The housemates claimed that you were playing up for the cameras. Was that true?
"I think any of my friends will tell you that's what I'm like all the time. I'm a big personality and I really enjoyed the experience. I was just making the most of every minute of it."
Do you regret anything you did in there?
"I don't regret any of my behaviour, because I think I was myself at all times."
So you don't think there was an overreaction with the crisps and John James incidents?
"With the crisps - basically, it was portrayed that I wasn't going to share the crisps when I was. A few days later I realised that I had really upset Ife and I spent three hours in bed crying at that point because of disappointment with myself. But with regards to the pool incident, if you watched Big Mouth, you'll have seen the wound on my leg, which is pretty bad. I don't think people realised that I was actually hurt. It is a pretty bad carpet burn on my thigh, my knee and my arms. I'm not sure what was shown, but I was dragged across the carpet in the living room. I don't blame John because he didn't realise that he was doing anything wrong. And my reaction was purely about pain and being exposed. Although I may have overreacted a bit, considering the injuries and circumstances, I couldn't have stopped the situation. John wouldn't have wanted to hurt me, he didn't know he was, but that was my emotional reaction to being hurt."
On the highlights show we could see you laughing during the incident. Why was that?
"When I was being dragged it was still part of a game and I didn't know how to react. As soon as I got away from it in the Diary Room, that's when the emotion hit and I started crying. I ended up apologising for everything just because I like John James and I'd rather apologise even when things aren't all my fault. I wish the incident hadn't happened, but it did hurt. If people want to take pictures of the wounds they can, because they did hurt. I was laughing because I was unable to put a clear emotion on it. I did clearly stay stop a number of times during the incident."
Do you think you were unfairly portrayed as a whinger in the house?
"When you have pain and wounds and stuff, I don't think that is whingeing. From what I've heard there was a shot in the bedroom and then it went to the garden. But I was dragged across the carpet. I was dragged and I couldn't stop it. I don't blame John and he's still my friend, but I couldn't stop it. If you have carpet burn it is going to hurt. I don't want to say that reaction was uncalled for, considering the wounds. I was hurt, I had wounds, I felt like I was in a situation where I couldn't stop it.
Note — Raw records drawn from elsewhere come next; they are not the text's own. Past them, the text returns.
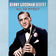 Down South Camp Meeting by Benny Goodman Sextet album cover
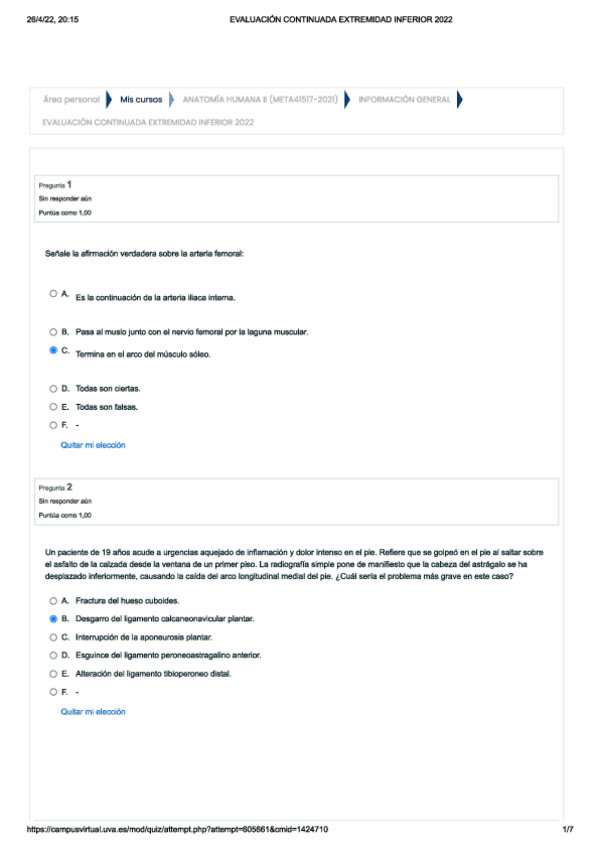 Miniatura del documento Ev-continua-ext-inf.pdf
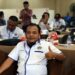 Mantan Ketua PWI Madina Jadi Komisioner KPID Sumut 2026-2029
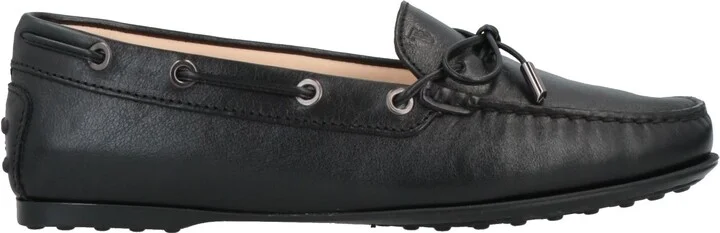 Tod's Woman Loafers - Image 3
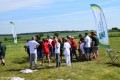 VII Turniej Ekologiczny_10.06.2017r (50)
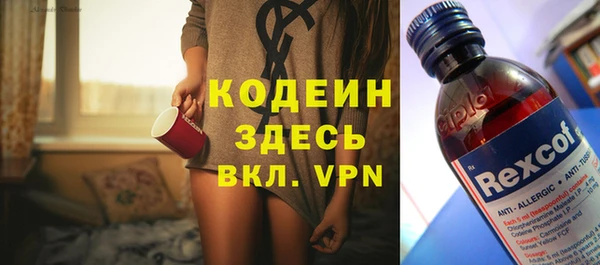 PSILOCYBIN Лиски
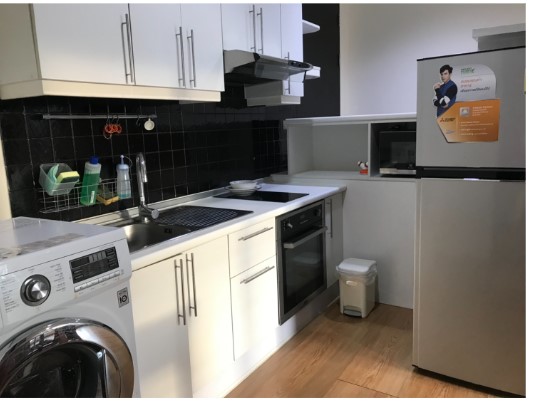 Eng 中 日 Please add LINE ID @806qphgn o8415o5483 Rent & Sell 6.5 MB Baan Klangkrung Siam Eng 中 日 Please add LINE ID @806qphgn o8415o5483 Rent & Sell 6.5 MB Baan Klangkrung Siam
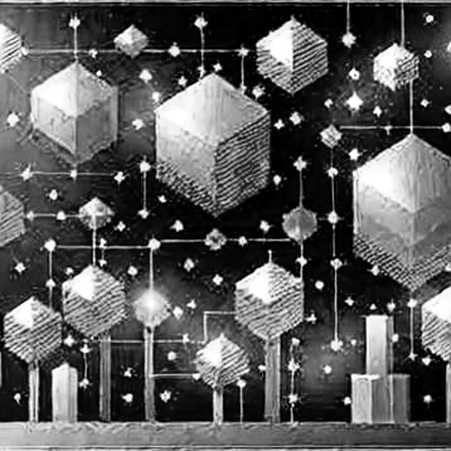 Japan's $18.4B Bitcoin ETF Mirage: Why the Sleepy Giant Might Never Wake Japan's $18.4B Bitcoin ETF Mirage: Why the Sleepy Giant Might Never Wake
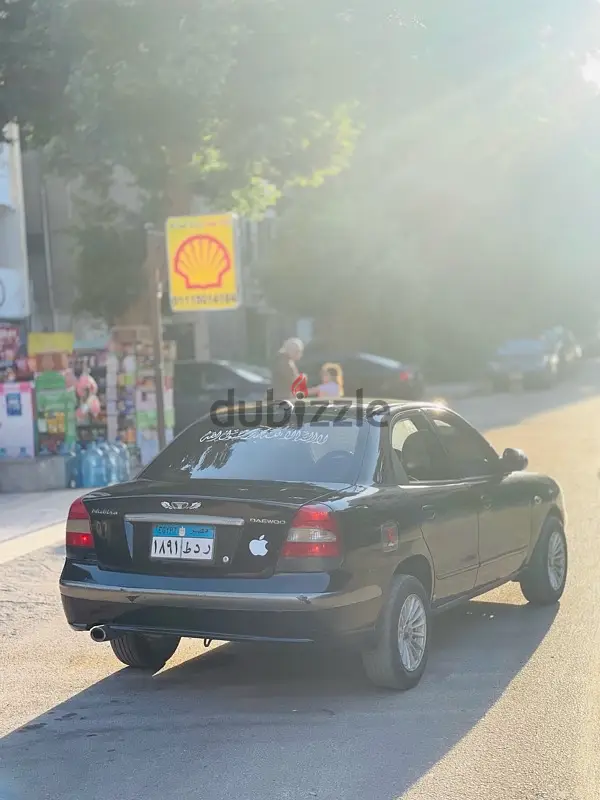 دايو نوبيرا 200763770676145923126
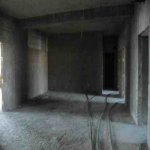 Satılır 3 otaqlı Yeni Tikili, Gənclik metrosu, Nəsimi rayonu 9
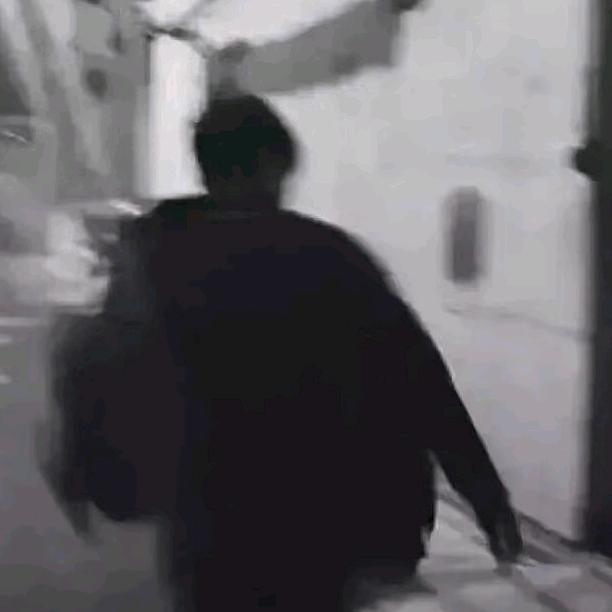 财财（三角洲行动）
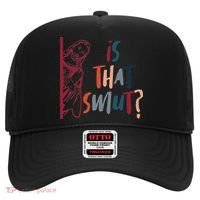 Jesus God Smut Reader Smut Reading Book Is That Smut Hat thumb 0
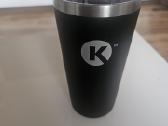 Circle K termo puodas - nuotraukos Nr. 2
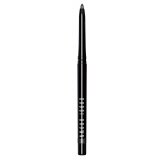 Bobbi Brown Perfectly Defined Gel Eyeliner | Eponuda.ba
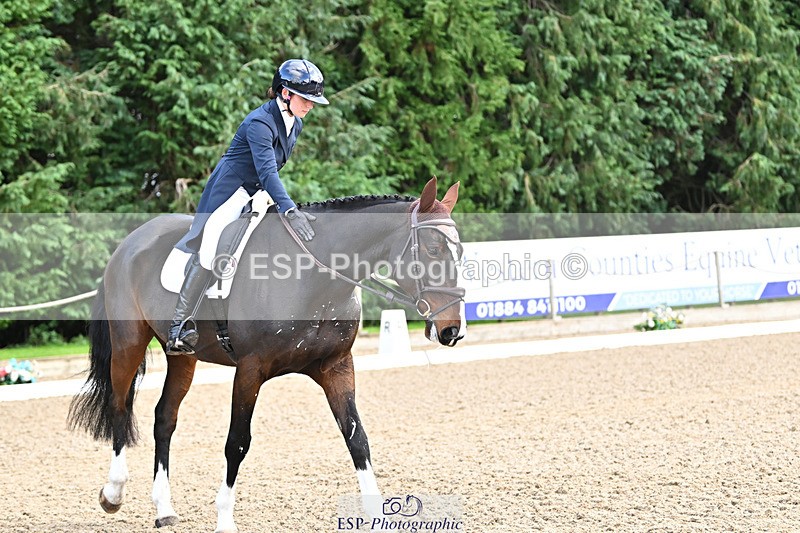 241023-162813-00948 - 016-Liberty.Smith-MODEL.T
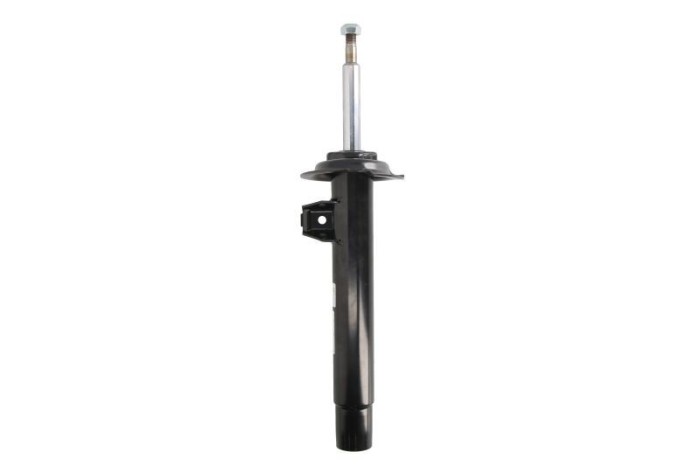 Amortizor BMW Seria 3 Compact (E46) (2001 - 2005) RINGER 1542002518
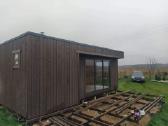 Pirtis, sauna - nuotraukos Nr. 6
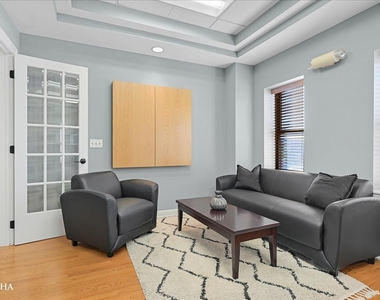 202 W Main Street - Photo Thumbnail 1
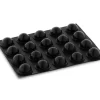 HABO BUFFERT 5017 SVART SB Online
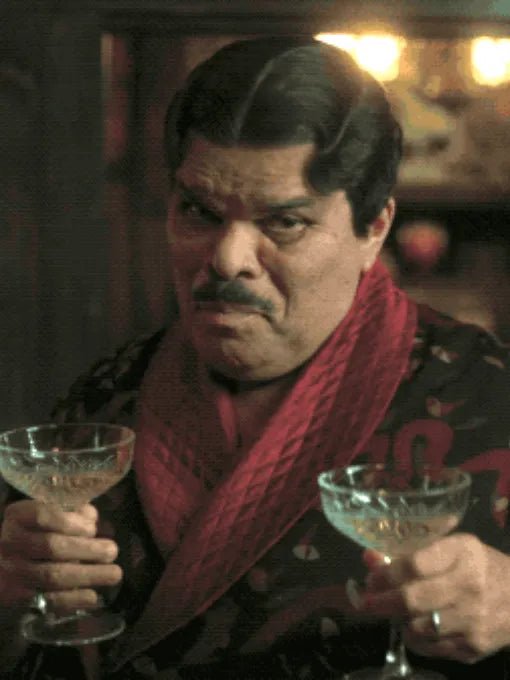Wednesday-S02-Gomez-Addams-Robe-1 Wednesday-S02-Gomez-Addams-Robe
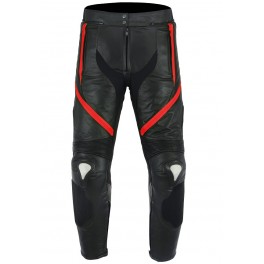 http://customcanarias.com/25-1083-thickbox_default/pantalon-de-moto-en-cuero-y-titanio-.jpg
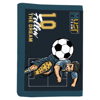 ΠΟΡΤΟΦΟΛΙ ΜΕ ΜΠΡΕΛΟΚ MUST TEAM ΣΕΤ ΔΩΡΟΥ 20Χ12ΕΚ FOOTBALL 000586977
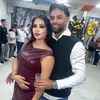 Marisol&David - @marisol_borja7 - TikTok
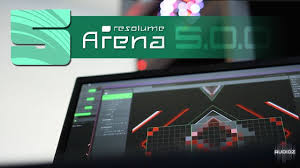 Alchemy features additive, spectral and granular synthesis and resynthesis, sampling, and a very capable virtual analog engine. Software For Mac Os X Page 253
I felt that I was exposed in a way that I hadn't been before, because I made a huge effort not to reveal my underwear in the house. That was something which could affect my profession and that upset me as well. From what I've heard, I don't think it was portrayed in that way."
Were you at any point scared during the incident?
"I did say at the time I was scared to go back in the house, but in retrospect I was not scared of John. I was scared and upset, so Mario came to see me in the Diary Room and he made sure I was OK when I went back in the house. But I guess I was scared about being in a situation that I couldn't stop. I'd said 'stop this is hurting me' and 'stop my underwear is showing', but it didn't end. But I'm also well aware that I started the incident. But at the time it did upset me."
Did you ever fancy John James?
"I really liked John James and I think he's a lovely person. As to whether I fancy him, I'm not sure if we know each other well enough to develop that sort of relationship. We didn't really sit down and get to know each other. But we did joke around a lot and flirt a lot. The pool incident was probably flirting that went wrong. But that wasn't his fault and at the time, I was just on raw emotions when I responded to it."
Will you be hooking up with him when he leaves the house?
"I'd like to see him and see how he is. Although we made up yesterday, it was only a few hours before I left the house. We'll have to see what happens. Because he appears to have a blossoming romance with Josie at the moment."
Were you jealous of his relationship with Josie?
"No, never. He gets on really well with Josie and she's a really nice person. As I said in the exit interview, she argues with him as much as I did. If they want to continue together, then I'm really happy for them. I think something might happen between them."
Do you still want to be a doctor? And are you not tempted to pursue a pop career?
"I definitely still want to be a doctor. I don't think singing would be a career that would last very long! As for me being me, I will stick to the Lady GaGa impressions in my own time. There's no reason I can't be a doctor who sings in their spare private time. I have no plans for a novelty single!"